De forma geral, sim. A população brasileira é dominante em serviços. Um volume pequeno de pessoas está aumentando sua produtividade por meio de novas tecnologias. A formação de mão de obra não acompanha os empregos que estão apresentando maior potencial de crescimento.

Como as mídias sociais aparecem hoje no recrutamento? Elas são importante nas seleções?

O principal uso que os recrutadores fazem é para tentar prever o comportamento do candidato. Se alguém representa a minha marca, eu não quero que seja preconceituoso, racista ou que tenha alguma atitude que vá contra o que a marca prega. Então em geral a mídia social não é para encontrar candidatos, mas para checar seus comportamentos, ideias e opiniões. Funcionam como um filtro.

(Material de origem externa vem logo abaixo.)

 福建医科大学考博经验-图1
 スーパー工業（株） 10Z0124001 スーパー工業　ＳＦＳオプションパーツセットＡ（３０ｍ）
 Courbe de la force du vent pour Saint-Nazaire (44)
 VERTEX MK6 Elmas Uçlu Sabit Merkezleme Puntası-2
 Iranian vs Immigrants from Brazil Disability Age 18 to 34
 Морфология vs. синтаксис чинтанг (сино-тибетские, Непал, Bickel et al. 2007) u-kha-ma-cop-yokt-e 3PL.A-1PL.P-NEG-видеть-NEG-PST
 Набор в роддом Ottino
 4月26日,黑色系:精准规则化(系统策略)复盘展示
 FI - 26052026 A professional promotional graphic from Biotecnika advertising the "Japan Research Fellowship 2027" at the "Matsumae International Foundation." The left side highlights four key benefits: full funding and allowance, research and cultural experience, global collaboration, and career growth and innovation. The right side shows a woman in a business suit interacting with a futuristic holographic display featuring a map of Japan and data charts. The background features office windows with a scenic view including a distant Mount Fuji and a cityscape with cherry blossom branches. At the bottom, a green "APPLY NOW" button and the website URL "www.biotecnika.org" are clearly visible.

No futuro, o RH será mais tecnológico e menos humano?

Menos humano é uma frase forte. Mais tecnológico eu tenho certeza. A gente tem visto o RH usar cada vez mais tecnologia. Quando olhamos para a nossa plataforma, a gente hoje já usa a inteligência artificial para ordenar, entre centenas de candidatos que disputam uma vaga que seja atrativa, e mostrar os melhores candidatos no alto dessa lista. No passado o recrutamento olhava para todos os currículos, hoje ele olha para poucos currículos e depois a gente usa a capacidade humana para falar com essa pessoa, avaliar a relação dessa pessoa com a cultura da empresa e fazer testes técnicos.

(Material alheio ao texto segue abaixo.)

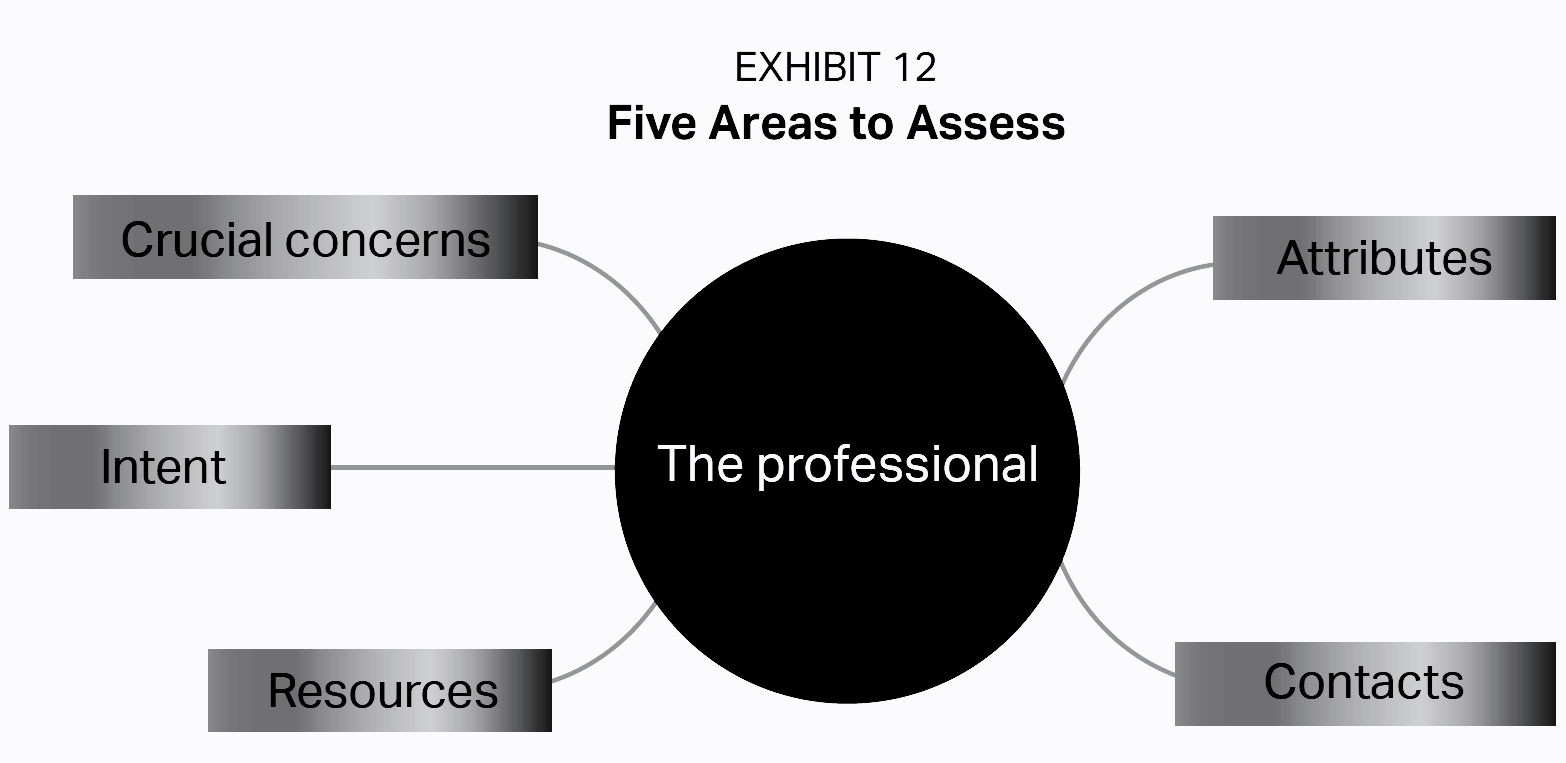 Referrals From Other Professionals- A Smart Way To Grow Your Practice - Exhibit 12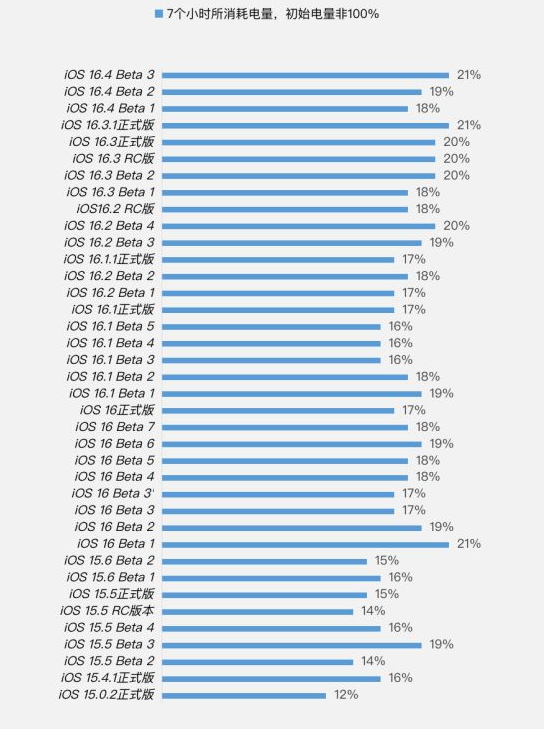 韶山苹果手机维修分享iOS 16.4 Beta 3续航跑分等测试结果汇总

O mercado brasileiro de trabalho tem se tornado mais inclusivo para pessoas com deficiências e minorias?

Sim. Entendo que o mercado está lentamente ficando mais inclusivo. Quando a gente olha para pessoas com deficiência, o volume de empresas preocupadas com essa questão está subindo, em parte por causa da legislação, da lei de cotas que está sendo observada pela governo – o governo detem uma capacidade de fiscalização mais alta. As empresas estão mais atentas a isso e contratando mais pessoas com deficiência. Uma pesquisa recente feita por nós mostra um crescimento de 26% no volume de contratações de pessoas com deficiência.

Como o Brasil está na questão de gênero?

Quando olhamos para o salário de homens e mulheres e para a presença de mulheres em cargos de liderança, a diferença ainda é muito forte. Dependendo do nível de escolaridade, varia entre 20% e 40%, sempre com vantagens para o homem. Em cargos de tecnologia a contratação de mulheres é especialmente baixo. Essa diferença salarial está diminuindo, mas ela ainda é muito grande. Claramente a inserção da mulher no mercado de trabalho, especialmente no retorno da maternidade, é um assunto com potencial positivo para a sociedade, mas que ainda não tem recebido muita atenção. A lei de cotas fez 27 anos semana passada.

E quanto às diferenças salariais entre negros e brancos?

Não temos pesquisas, mas as diferenças salariais existem.